Selon ce texte, une marque peut revêtir plusieurs formes : il peut s’agir d’une dénomination, un emblème ou tout autre signe distinctif. La particularité du texte tient à l’acquisition du droit sur la marque. Le titulaire de la marque peut être celui qui l’utilise le premier ou celui qui la dépose en premier (principe du « 1er arrivé, 1er servi »). Etonnamment, une fois la marque déposée, il n’y a pas d’obligation d’usage de celle-ci.
Le dépôt, qui coûte 1 Franc en 1858, est valable pour quinze ans, renouvelable indéfiniment.

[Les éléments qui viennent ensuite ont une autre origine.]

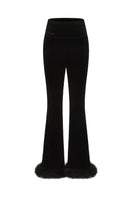 Black Estelle velvet pants by Nana Jacqueline, showing the smooth fabric and stylish, tailored fit.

Les modalités du dépôt de marque auprès du greffier
Pour déposer sa marque, le titulaire doit s’adresser au greffe du tribunal de commerce de son domicile. Le dépôt s’effectue avec deux exemplaires identiques du modèle de sa marque sur papier libre. Le greffier vérifie les conditions de forme (« la régularité du dépôt »). Il n’apprécie pas le caractère de la marque. Ainsi, si le déposant protège une invention avec un dépôt de marque (au lieu de déposer un brevet), le dépôt pourra être accepté, mais ne produira pas d’effet.
Parmi les 2 exemplaires du dépôt, l’un est consigné au greffe. L’autre est envoyé au Conservatoire des Arts et Métiers, qui le tiendra à disposition du public.
L’utilité du dépôt sous la loi de 1857
La loi de 1857 prévoit donc que la propriété de la marque est obtenue par l’usage. Ainsi, il est possible de s’opposer à l’enregistrement d’une marque déposée, en prouvant une utilisation antérieure au dépôt.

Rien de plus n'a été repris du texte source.